The Secure Elections Act is a bipartisan Senate bill with six co-sponsors that reads like a security researcher's wish-list for voting machine reforms. Specifically, it reads like Matt Blaze's wishlist, hewing closely to the excellent recommendations laid out in his testimony to the House of Representatives' Committee on Oversight and Government Reform Subcommittee on Information Technology and Subcommittee on Intergovernmental Affairs Hearing on Cybersecurity, recounting his experiences as a security researcher and as the founder of Defcon's Vote Hacking Village.
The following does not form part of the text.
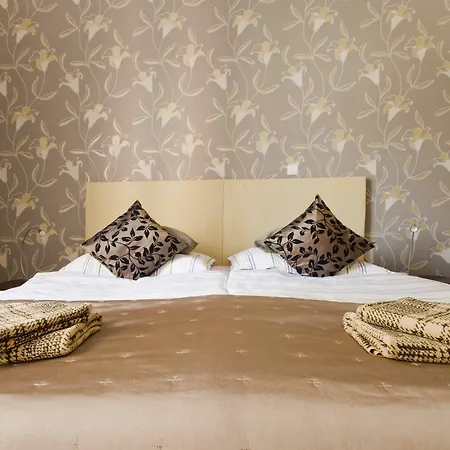 Guestrooms 3*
The bill creates earmarks to help states get rid of their paperless electronic voting machine in favor of voter-verified, machine-readable paper ballots, and institutes a system of randomized post-election audits that use good statistical techniques to spot systemic anomalies.
The current system of paperless voting machines is the result of a failed effort to improve America's voting machines after the debacle of the 2000 election count.
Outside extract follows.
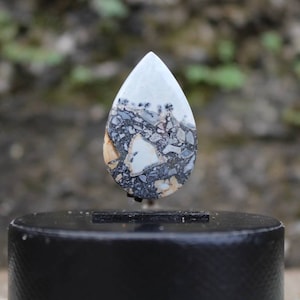 Maligano Jasper cabochon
The bill has three Republican co-sponsors, and its sponsors include the only senators who serve on both the Homeland Security Committee and the Intelligence Committee, which bodes well for it, but given the dismal history of improving voting technology in America, our optimism should be tempered with caution. The bill has to be passed almost immediately if its measures are to have an effect in next November's midterm elections.
"Computer scientists were worried about them from the start," according to Alex Halderman, a computer scientist at the University of Michigan. They worried "that they were being rolled out too fast and without effective security standards."
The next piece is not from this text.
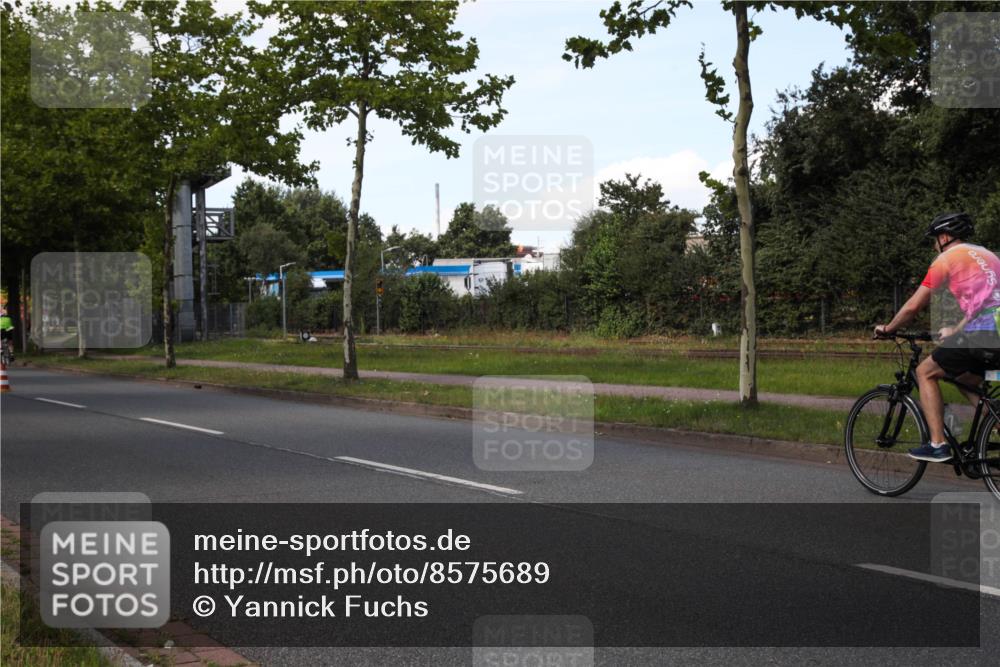 10.08.2025 - GEWOBA Citytriathlon Bremen Yannick Fuchs http://msf.ph/oto/8575689 10.08.2025 14:28:06 Radfahren 70, 159, 293, 382 meine-sportfotos.de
"In every single case, when a machine was brought into the lab and studied by qualified researchers, the result was the discovery of significant vulnerabilities that could allow the machines to be compromised with malicious software that could potentially steal votes," Halderman told Ars.
So Halderman says that, over the last decade, "the thinking has shifted to looking at more practical solutions." In particular, election security experts have come to regard optical-scanned paper ballots as the gold standard for computer security.
Optical-scan ballots can be counted by machine to provide prompt and accurate vote totals. But if there's any doubt about the integrity of the results, there's always an option to do a hand recount of the paper ballots.
Secure Elections Act [US Senate]
New bill could finally get rid of paperless voting machines [Timothy B Lee/Ars Technica]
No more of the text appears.